His appointment at Haddington was exchanged for a similar one at Kirkcaldy Academy in Fife, in 1812. Completing his divinity studies by a series of partial sessions, he was licensed to preach in June 1815, but continued to discharge his scholastic duties for three years. He devoted his leisure, not only to mathematical and physical science, but to a course of reading in English literature, his bias towards the antique in sentiment and style being strengthened by a perusal of the older classics, among whom Richard Hooker was his favorite author. At the same time his love of the marvellous found gratification in the wonders of the Arabian Nights, and it is further characteristically related of him that he used to carry continually in his waistcoat pocket a miniature copy of Ossian, passages from which he frequently recited with sonorous elocution and vehement gesticulation.

In the summer of 1818, he resigned his mastership and, in order to increase the probability of obtaining a permanent appointment in the Church of Scotland, took up his residence in Edinburgh. Although his exceptional method of address seems to have gained him the qualified approval of certain dignitaries of the church, the prospect of his obtaining a settled charge seemed as remote as ever. He was meditating a missionary tour in Persia when his departure was arrested by steps taken by Thomas Chalmers which, after considerable delay, resulted in October 1819 in Irving being appointed his assistant and missionary in St John's parish, Glasgow.

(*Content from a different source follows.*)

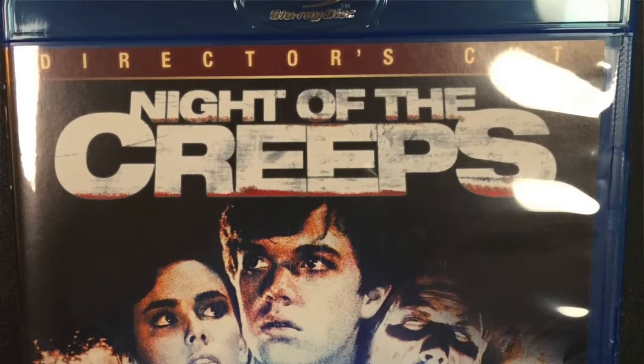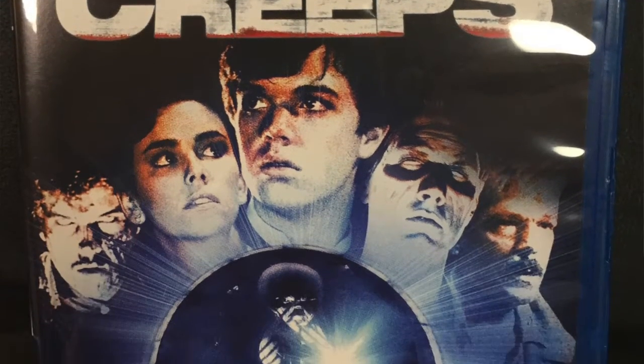This is one of those excellent horror movies from the 1980s. It's about an alien experiment that goes awry and crashes into planet Earth in 1959, infecting a young college student. Then in 1986 his cryogenically frozen body is thawed out by a couple of fraternity pledges, and then the college campus is overrun with these creeps who turn people into zombies. I like this movie for three reasons.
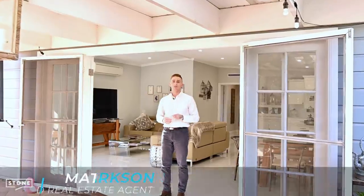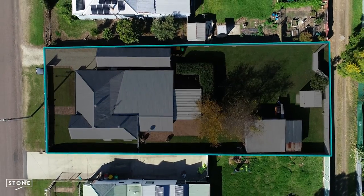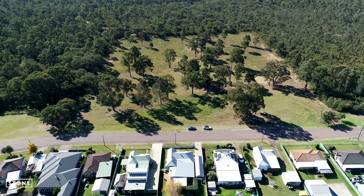Very rarely do we find a fully renovated Federation cottage to this style and sophistication on a full quarter acre block with bush views. Matt from Stone Real Estate, welcome to 75 Melbourne Street in Aberdeen.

Except in the case of a select few, Irving's preaching awakened little interest among the congregation of St John's. Chalmers himself, with no partiality for its bravuras and flourishes, compared it to Italian music, appreciated only by connoisseurs; but as a missionary among the poorer classes he wielded a powerful influence. The benediction "Peace be to this house", with which, in accordance with apostolic usage, he greeted every dwelling he entered, was not inappropriate to his figure and aspect, and it is said he took the people's attention wonderfully, the more especially after the magic of his personality found opportunity to reveal itself in close and homely intercourse.

London

This half-success in a subordinate sphere was, however, so far from coinciding with his aspirations that he had again, in the winter of 1821, begun to turn his attention towards missionary labour in the East, when the possibility of fulfilling the dream of his life was suddenly revealed to him by an invitation from the Caledonian Church, Hatton Garden, London (now the Lumen Church, Bloomsbury), to make trial and proof of his gifts before the remnant of the congregation that held together.

Over that charge, he was ordained in July 1822. Some years previously, he had expressed his conviction that one of the chief needs of the age was to make inroad after the alien, to bring in the votaries of fashion, of literature, of sentiment, of policy and of rank, who are content in their several idolatries to do without piety to God and love to Him whom He hath sent; and, with an abruptness which must have produced on him at first an effect almost astounding, he now had the satisfaction of beholding these various votaries thronging to hear from his lips the words of wisdom which would deliver them from their several idolatries and remodel their lives according to the fashion of apostolic times.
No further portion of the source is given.